Pujian baginda Nabi adalah terhadap amal perbuatan Abu Hurairah RA yang berupa kesungguhannya didalam mempelajari hadits baginda, adalah sesuatu yang bisa menjadi motivasi bagi dirinya untuk tetap konsisten serta bertambah kesungguhannya. Berbeda dengan pujian terhadap pribadi seseorang itu sendiri, bukan kepada amal perbuatannya, maka hal ini bisa menimbulkan rasa ujub , sombong dan juga berpaling dari Allah Ta’ala serta bersandar kepada diri dan amal perbuatannya tersebut.
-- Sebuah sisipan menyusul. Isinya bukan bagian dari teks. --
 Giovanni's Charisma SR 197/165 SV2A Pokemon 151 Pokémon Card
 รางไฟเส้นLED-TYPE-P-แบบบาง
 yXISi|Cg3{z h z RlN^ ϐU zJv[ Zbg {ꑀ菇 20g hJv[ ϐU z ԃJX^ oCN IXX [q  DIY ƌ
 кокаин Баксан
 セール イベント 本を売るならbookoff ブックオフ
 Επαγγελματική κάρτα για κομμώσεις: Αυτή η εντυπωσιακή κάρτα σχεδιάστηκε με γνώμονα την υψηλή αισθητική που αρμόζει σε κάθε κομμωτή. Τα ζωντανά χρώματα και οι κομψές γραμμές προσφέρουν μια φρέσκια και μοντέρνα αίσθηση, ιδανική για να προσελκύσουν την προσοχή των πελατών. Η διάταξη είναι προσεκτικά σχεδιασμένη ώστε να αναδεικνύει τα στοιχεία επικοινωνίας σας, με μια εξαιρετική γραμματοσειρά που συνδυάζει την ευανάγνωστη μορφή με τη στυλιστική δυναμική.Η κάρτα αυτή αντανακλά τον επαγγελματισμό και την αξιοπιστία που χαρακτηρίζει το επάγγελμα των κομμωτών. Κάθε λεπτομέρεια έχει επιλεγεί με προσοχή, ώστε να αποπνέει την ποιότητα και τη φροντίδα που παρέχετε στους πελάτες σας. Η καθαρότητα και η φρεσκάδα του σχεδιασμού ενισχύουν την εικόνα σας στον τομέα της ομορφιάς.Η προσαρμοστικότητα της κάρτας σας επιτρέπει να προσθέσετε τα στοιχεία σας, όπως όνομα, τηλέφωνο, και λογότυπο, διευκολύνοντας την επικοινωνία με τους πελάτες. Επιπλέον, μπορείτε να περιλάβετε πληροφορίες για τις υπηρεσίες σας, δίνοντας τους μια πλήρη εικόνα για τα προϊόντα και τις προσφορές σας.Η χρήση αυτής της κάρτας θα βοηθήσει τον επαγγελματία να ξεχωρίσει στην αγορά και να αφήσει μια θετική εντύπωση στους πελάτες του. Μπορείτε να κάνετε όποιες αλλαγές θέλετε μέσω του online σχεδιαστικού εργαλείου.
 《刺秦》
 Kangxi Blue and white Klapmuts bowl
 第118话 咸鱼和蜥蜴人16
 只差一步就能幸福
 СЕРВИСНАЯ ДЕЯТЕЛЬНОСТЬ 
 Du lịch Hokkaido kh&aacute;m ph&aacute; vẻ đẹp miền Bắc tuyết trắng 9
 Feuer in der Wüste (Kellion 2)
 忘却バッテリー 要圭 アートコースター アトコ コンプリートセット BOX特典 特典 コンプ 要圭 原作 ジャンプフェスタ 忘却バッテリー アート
Di dalam mempelajari ilmu tashawwuf, seorang murid tidaklah boleh bersandar kepada diri ataupun amal perbuatannya, akan tetapi hendaklah menjadikan Allah semata sebagai sandarannya. Karena sesungguhnya, tidak ada daya dan kekuatan melainkan dengan Allah Ta’ala. Taufiq serta hidayahNya lah yang menjadikan sesorang itu melakukan sebuah ketaatan, sehingga tidak ada hak miliknya yang pantas disombongkan serta menjadi sandarannya.